Not bad for a fat girl


Sucking the Energy Right Out of Me


No, I don’t read Asian newspapers or drink tea in a tumbler, but this is too cute.

What is it?

The Heat?

The kids?

Getting up to an alarm clock even though my body desperately wants to sleep in?

Knowing that soon I’ll be on vacation for real?

I’m not sure exactly what it is, most likely a combination of all of the above, but for some reason when I get home in the afternoon, after teaching my young writers (for just three hours) I’m totally drained. I try to do something productive, like write, or do laundry, or even just read a book, but before long I’m nodding off. UGH.

I get to bed at a reasonable hour, so why I am so tired mid-day? And why is it only when I’m home alone and have the opportunity to actually accomplish so much?

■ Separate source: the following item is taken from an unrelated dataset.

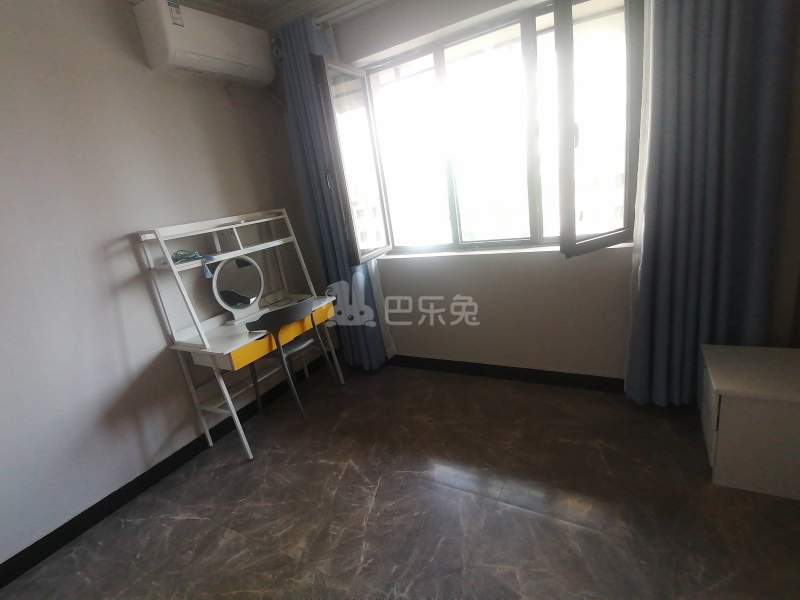 润杨名邸9635350卧室图1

Am I running from my responsibilities? Am I hiding from something I don’t want to face? Am I afraid to be alone, so I escape into sleep? I’m pretty sure the answers to those questions are no, no, and no. I’m just freaking tired.

My first guess is that it really is the heat. Carrying around all this extra weight in extreme temperatures is hard on a body. I do my best to stay hydrated and keep cool, but I think my body is fighting back, and what better way to conserve energy than to sleep?

On Friday my summer work comes to a close, and I have a few weeks of pure relaxation. I’m heading east, away from the hellfire of my chosen Southwest home, and I couldn’t be happier. In the meantime, I’m going to keep waiting until after dark to jump in the pool, and keep myself as cool as possible. After all, I chose this, and no matter what, it still beats snow any day of the year.


Avoid Melting – Eight Ways to Keep Cool and Avoid Premature Meltdown

Friends, it’s 138 degrees outside and I’m slowing turning into a large puddle of goo.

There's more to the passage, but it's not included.